Quantum mechanics and second law of thermodynamics Recently I came across this idea of Gibbs that, it is the coarse-grained entropy that always increases, whereas the fine-grained remains a constant. So classically, coarse graining refuses us some microscopic information which leads to increase in entropy (due to loss of that information).
In quantum mechanics however the phase space has some inherent quantisation, so can this be addressed as coarse graining of phase-space in that scale ? If yes, then the increase in entropy is inevitable fact of nature, since quantisation of phase space inherent in nature irrespective of the measurement we perform ?
PS : I am sure coarse graining and quantisation have entirely different origins, my question here to is to only address their effects rather than their causes.

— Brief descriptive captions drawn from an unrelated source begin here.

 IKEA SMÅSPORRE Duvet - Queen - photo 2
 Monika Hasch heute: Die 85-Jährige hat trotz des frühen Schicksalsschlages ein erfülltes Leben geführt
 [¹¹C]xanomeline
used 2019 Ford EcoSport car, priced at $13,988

 A: The von Neumann entropy, written in terms of the quantum mechanical density operator, is a constant of the motion if you keep track of everything (including entanglement with the environment) and don't have any collapse events (which, depending on your favorite interpretation of quantum mechanics, might not exist anyway).

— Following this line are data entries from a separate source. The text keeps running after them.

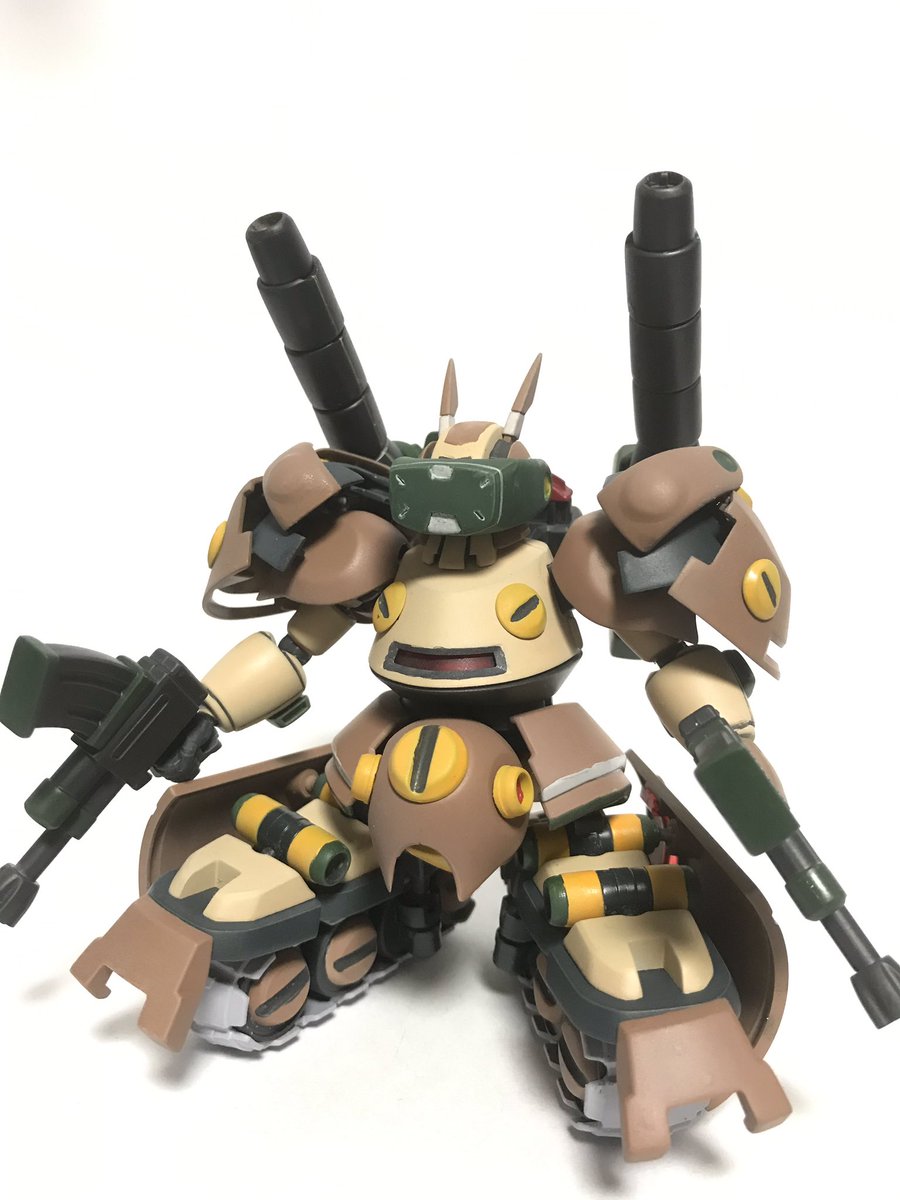 てーさん Tkc 喪中 No Twitter Lbx パンツァーデクーausserst オイセルスト モデラーズフェスティバル19 モデフェス19 の Lbxmodelers 卓にて公開致しました機体です 戦車 パンツァー ならば究極でなければと突っ走った結果です デクーをふんだんに使っ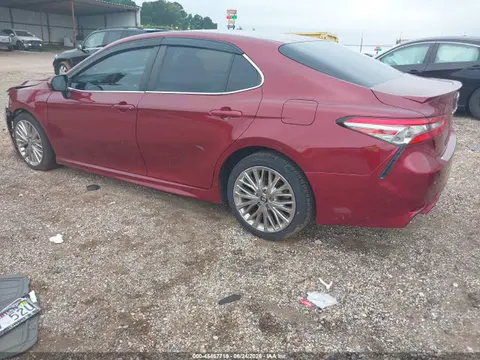2018 Toyota CAMRY SE VIN 4T1B11HK3JU609767 фото 3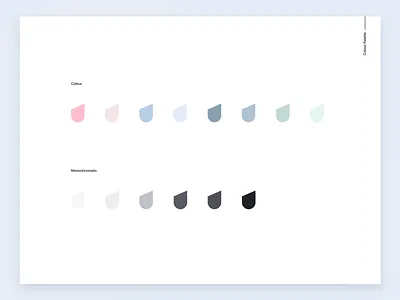 Gigel - Brand Palette brand guide brand identity brand mark branding color palette guidelines icon identity logo mark presentation style guide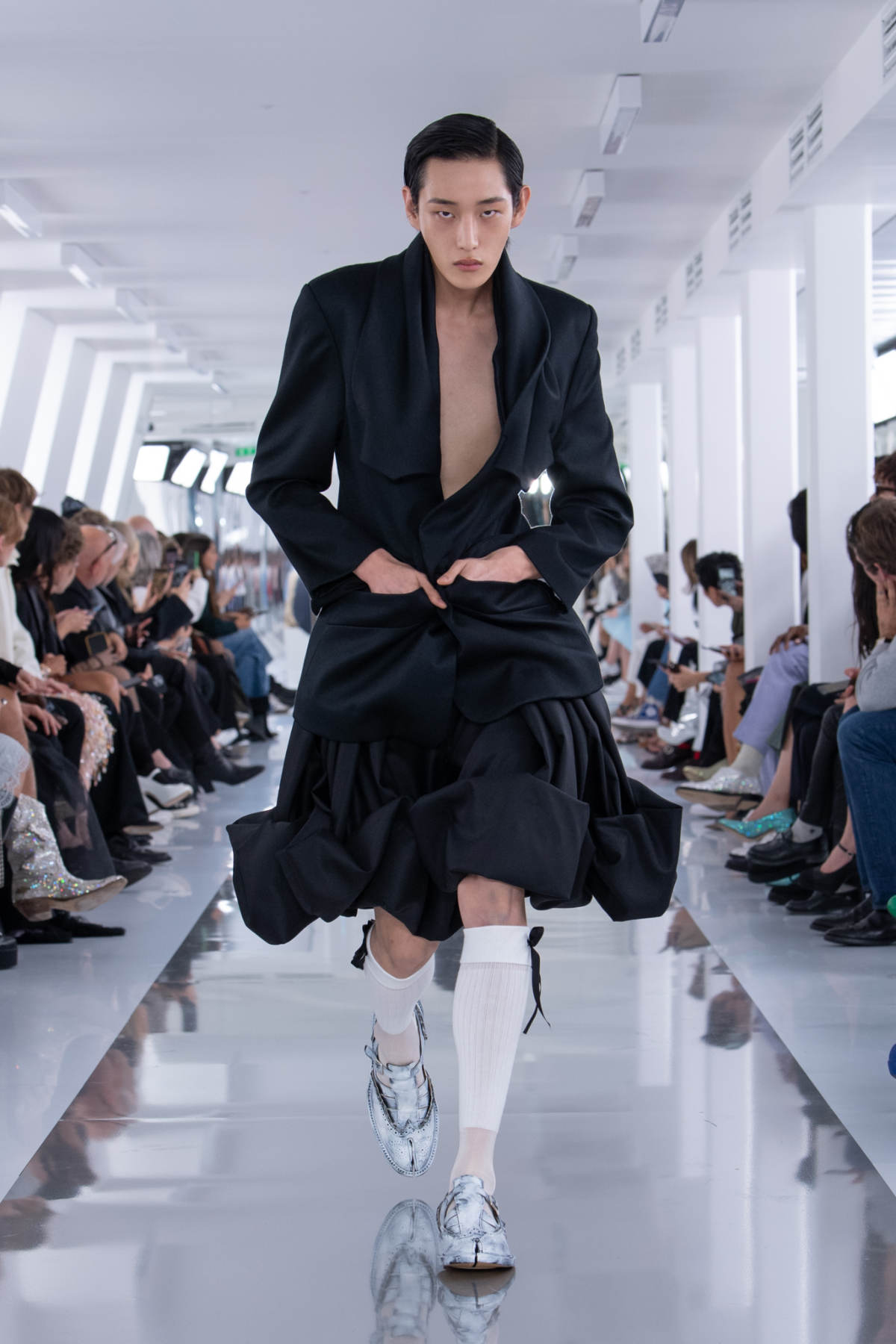 Maison Margiela Presents Its New Co-Ed Spring-Summer 2024 Collection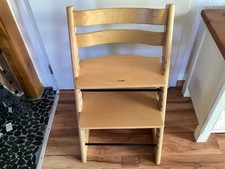 Stokke Tripp Trapp Hochstuhl Newborn fähig Buche passend Baby Set oder Bügel 🐣☘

The thing is that this fact already accounts for quantum mechanics. There's no additional fact of inherent quantization of phase space that needs to be, or even can be, added to this. The density operator is already a fully quantum mechanical operator in Hilbert space, and the structure of the Hilbert space and the behavior of other operators (such as the Hamiltonian) on that same Hilbert space is implicitly there. So energy quantization, angular momentum quantization, and so forth are already implicitly taken into account in this theory. But the von Neumann entropy is still constant with respect to time.
However, the von Neumann entropy does give us a way to understand the increase in entropy of a non-isolated system that can gradually become entangled with a thermal or quasi-thermal environment, in a process called decoherence. If you try to look at the density operator of just the not-quite-isolated system you were trying to study, you have to "trace out" (perform a sum over) all of the states of the environment that it's entangled with that you're not explicitly paying attention to. When you do this, increase of entropy comes out pretty naturally.
This answer is only a very brief summary of a huge topic that's also an active area of research. But the key words that I think will head you in the right direction are:
von Neumann entropy
entanglement
decoherence
A: However, there is at least one theory (not complete) where the "coarse graining" is not subjective but rather natural result of thermodynamics re-formulated in terms generalized covariant theory of many weakly interacting subsystems (as opposed to non-interacting particles of the Boltzmann's ideal gas). In that theory proposed by Carlo Rovelli at all the coarse graining corresponds to the natural gauge symmetries. So there is a way to derive the second law without introducing the "lost information", but based on the transfer of information to the environment resulting from the entanglement. It may be equivalent to decoherence but it is based on Gibbs formulation of entropy.